Posts tagged education
Beer 101: Pale Ale, IPA, Double IPA - what's that all about?

Pale Ale - To understand Pale Ale, you first need to understand what malt is. Malt is a germinated & dried cereal grain, and typically in beer it's barley. Dried barley does not ferment well, but malted barley does. So the barley goes through the malting process: it's first soaked so it sprouts, then further germination is halted by heating/drying it with hot air.

Because the heating and drying process was hard to control before the 1700's, ales, such as porters and stouts were usually dark because the malt was 'dark roasted' . Then as more controllable fuel sources emerged, the malt could be dried yet kept lighter. Beers made this way became known as Pale Ales, and were originally more expensive.

IPA - India Pale Ale. The distinction for an IPA is that it is made with more hops. The type and amounts of hops & malt, as well as alcohol content can vary, hence there is wide diversity within this style — as we are learning is true with every style of beer. IPA’s can also be classified into English & American. English IPA’s are made with English hops and tend to be earthy & woody. American IPA’s are often more hoppy, with pine and bitter grapefruit flavors.

Double IPA - Also called Imperial IPA, is what the name suggests; double the hops or even triple, though the amount of malts is often increased to balance the bitterness. This is a uniquely American style, meaning Americans always have to take things to the extreme.

Beer 101: Just 4 ingredients...but what do they do?

It may be the world’s 3rd most popular beverage and 11,000 years old, but what makes beer? And why are there so many different kinds?

We’re well beyond the 500 year old German Purity Laws that said beer could only contain Barley Malt, Hops, and Water (Yeast was added in the 1800’s after Pasteur discovered it was the power behind fermentation).

While Barley is still a popular grain, others can be used as well. Grain gives beer it’s color, flavor, maltose (a sugar that feeds the yeast for fermenting), proteins that contribute to the foam or head, and dextrins which are a carb that contributes to mouthfeel.

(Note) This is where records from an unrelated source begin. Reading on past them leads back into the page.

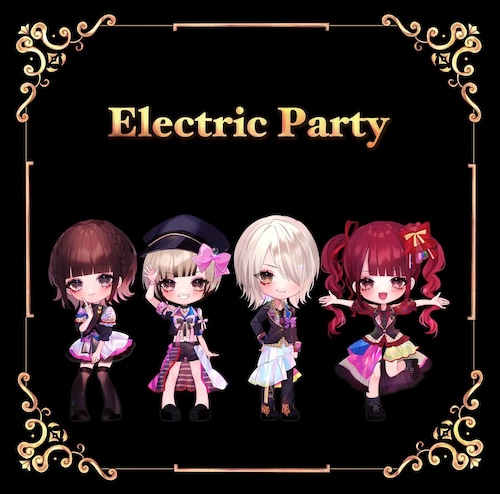 【Re_roll】1st mini album ｢Electric Party｣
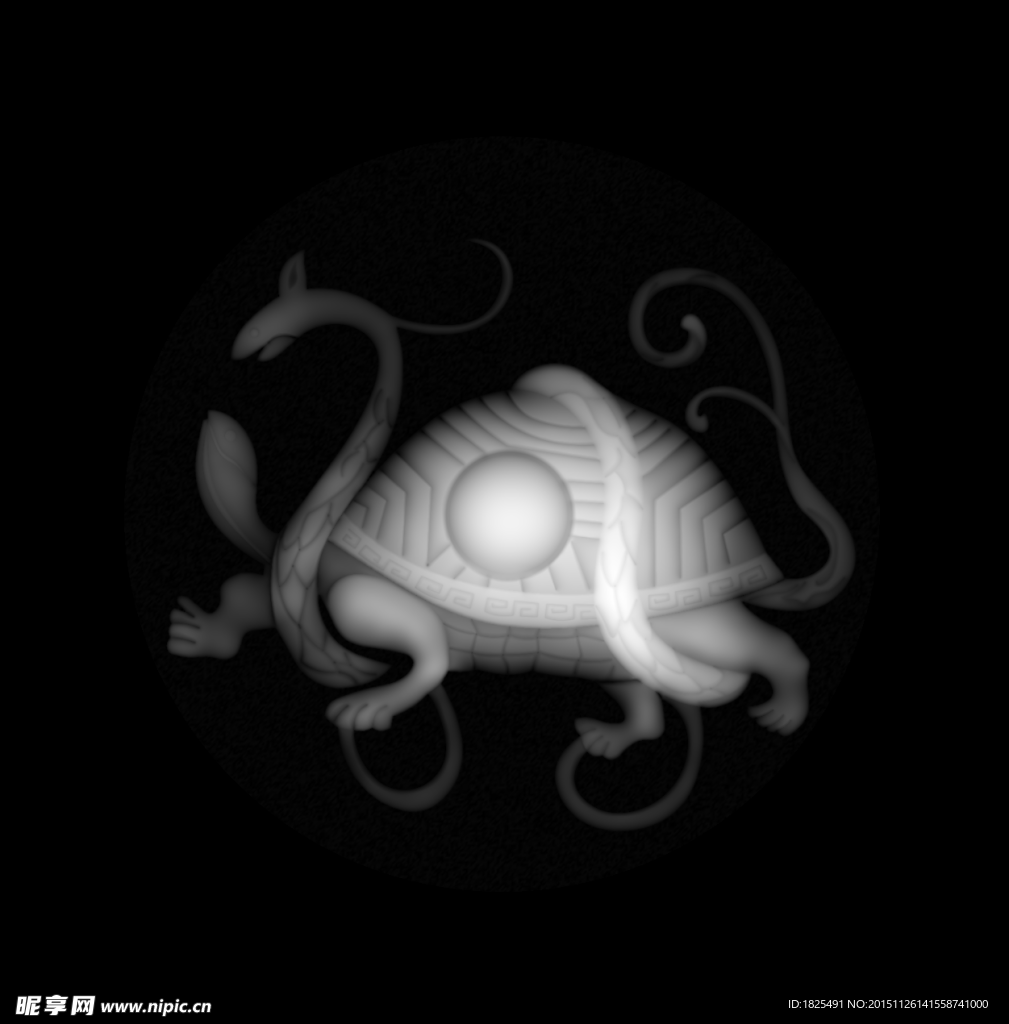 精雕图 浮雕图 灰度图 古典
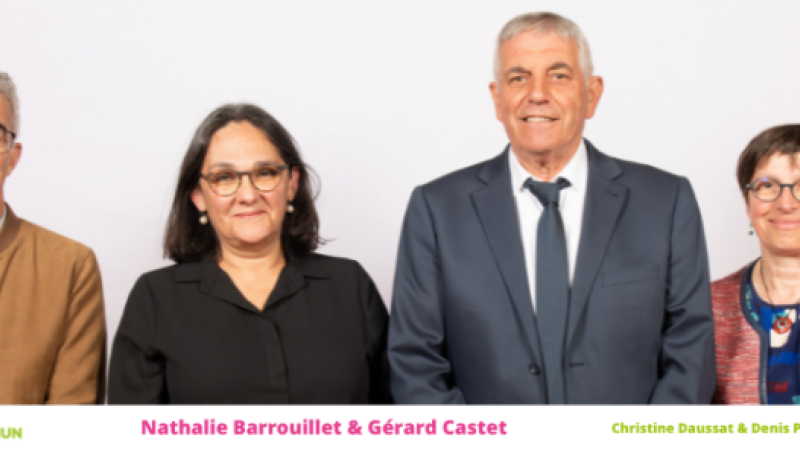 La liste "Gers en Commun" pour le canton de Pardiac Rivière Basse à la rencontre des électeurs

Hops, also contribute to flavor, oils in the hops add to the aroma, bitterness offsets the sweet sugars from the grain, and the acid it hops repel bacteria to extend it’s shelf life.

Yeast, as mentioned is the engine behind fermentation, turning maltose (sugar) into alcohol and CO2.

Finally water is the main content.

With a variety of Grains, Hops, Yeast strains, and even different minerals in water, you see why beer vary. Add to that different techniques and additives and the possibilities are limitless.